Aperçu
L’Afrique fournit la majeure partie des métaux du groupe du platine (MGP) mondiaux, mais la géographie de cette offre est étroite. Un examen des déclarations des entreprises et des autorités réglementaires jusqu’en août 2026 recense 51 actifs miniers de MGP sur le continent. Quarante-quatre se trouvent en Afrique du Sud, dans le complexe du Bushveld. Sept se situent au Zimbabwe, le long du Great Dyke. Aucun autre pays africain ne possède de mine de MGP commerciale vérifiée ou de projet de développement engagé. Cet article cartographie ce qui est en exploitation aujourd’hui et ce qui est en construction.

Afrique du Sud : le centre de l’industrie des MGP en Afrique
L’Afrique du Sud reste le roi incontesté de l’industrie africaine des MGP, avec 16 des 19 opérations minières actives concentrées dans le complexe du Bushveld.
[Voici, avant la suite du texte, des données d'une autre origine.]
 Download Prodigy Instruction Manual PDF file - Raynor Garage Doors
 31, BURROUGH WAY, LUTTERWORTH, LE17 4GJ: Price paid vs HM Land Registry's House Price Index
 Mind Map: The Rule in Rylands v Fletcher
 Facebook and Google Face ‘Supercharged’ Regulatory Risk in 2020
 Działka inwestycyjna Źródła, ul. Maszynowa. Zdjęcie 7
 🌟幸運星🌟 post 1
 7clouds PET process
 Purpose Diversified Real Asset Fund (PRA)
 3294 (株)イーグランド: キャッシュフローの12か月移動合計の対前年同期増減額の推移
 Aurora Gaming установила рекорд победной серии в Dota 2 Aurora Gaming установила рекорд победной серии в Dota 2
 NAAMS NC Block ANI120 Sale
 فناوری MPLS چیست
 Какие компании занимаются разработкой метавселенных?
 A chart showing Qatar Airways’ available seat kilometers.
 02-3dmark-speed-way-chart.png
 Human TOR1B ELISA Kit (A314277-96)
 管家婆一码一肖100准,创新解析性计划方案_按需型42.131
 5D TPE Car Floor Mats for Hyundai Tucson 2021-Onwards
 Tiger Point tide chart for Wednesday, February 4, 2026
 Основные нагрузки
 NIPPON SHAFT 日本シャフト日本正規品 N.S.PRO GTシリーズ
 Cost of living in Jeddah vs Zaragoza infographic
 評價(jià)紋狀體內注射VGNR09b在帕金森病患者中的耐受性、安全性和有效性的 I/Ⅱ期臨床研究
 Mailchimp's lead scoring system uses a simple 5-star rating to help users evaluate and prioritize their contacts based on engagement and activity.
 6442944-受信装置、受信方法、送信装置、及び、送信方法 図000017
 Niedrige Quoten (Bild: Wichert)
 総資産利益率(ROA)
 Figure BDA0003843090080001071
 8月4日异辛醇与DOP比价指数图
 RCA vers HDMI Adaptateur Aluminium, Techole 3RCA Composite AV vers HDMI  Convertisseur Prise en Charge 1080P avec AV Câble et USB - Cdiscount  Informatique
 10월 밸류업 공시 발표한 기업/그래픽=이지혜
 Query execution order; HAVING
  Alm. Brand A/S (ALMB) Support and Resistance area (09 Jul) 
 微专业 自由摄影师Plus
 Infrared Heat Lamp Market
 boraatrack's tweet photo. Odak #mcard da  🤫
Le membre occidental autour de Rustenburg, Brits et Pilanesberg est la zone de production la plus dense, tandis que le membre nord gagne en importance avec le développement d’opérations à grande échelle comme Mogalakwena et la nouvelle mine de Platreef. Le membre oriental conserve une base opérationnelle substantielle, mais contient également une concentration relativement élevée de projets bloqués ou reportés. Cette répartition inégale met en évidence une caractéristique importante de l’industrie sud-africaine des MGP : l’abondance géologique s’est traduite par un écosystème minier très développé, mais toutes les ressources identifiées ne progressent pas vers la production. Les changements de classification des actifs sont également significatifs ; par exemple, Kroondal n’est plus traitée comme une mine distincte depuis le transfert de ses actifs à Rustenburg en janvier 2025, tandis que Pilanesberg a cessé l’extraction et le traitement en décembre 2023.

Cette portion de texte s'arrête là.